La rinaturalizzazione può essere un’alternativa al consumo di suolo zero

Quando si progetta di realizzare un data center o un polo logistico recuperare un immobile già esistente è sempre preferibile, ma nel caso in cui questo fosse impossibile? Come coniugare le necessità del mercato e l’esigenza di fermare il consumo di suolo?

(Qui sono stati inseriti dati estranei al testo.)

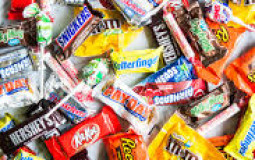 Halloween Candy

Una soluzione potrebbe arrivare da una piccola modifica alla proposta di legge delega per il nuovo Testo Unico delle Costruzioni, presentata il 26 marzo dalla deputata Erica Mazzetti. «Il nuovo Testo Unico rappresenta una sfida cruciale per il settore immobiliare – spiega Guido Inzaghi, fondatore e managing partner dello Studio Inzaghi – in particolare per asset class come Data Center e logistica, per i casi in cui non è possibile insediarli su aree dismesse. La vera novità, però, è la prospettiva europea della rinaturalizzazione, introdotta dalla Nature Restoration Law, il regolamento Ue approvato a giugno 2024, che va oltre la rigenerazione urbana».

Rinaturalizzazione significa restituire al loro stato naturale aree ormai inutilizzate o abbandonate. «È uno strumento fondamentale per quelle destinazioni d’uso, come data center e logistica, che a volte per esigenze infrastrutturali richiedono l’utilizzo di suolo vergine, per esempio in prossimità di nodi energetici o autostradali», chiarisce Inzaghi. «Il saldo zero nel consumo di suolo, obiettivo dichiarato del Testo Unico, rischia di essere messo in crisi da queste necessità.

La risposta potrebbe essere quindi in una modifica al testo, facendo sì che preveda – come alternativa alla costruzione su brownfield – l’individuazione di aree dismesse da rinaturalizzare, anche non nello stesso comune, restituendole al verde».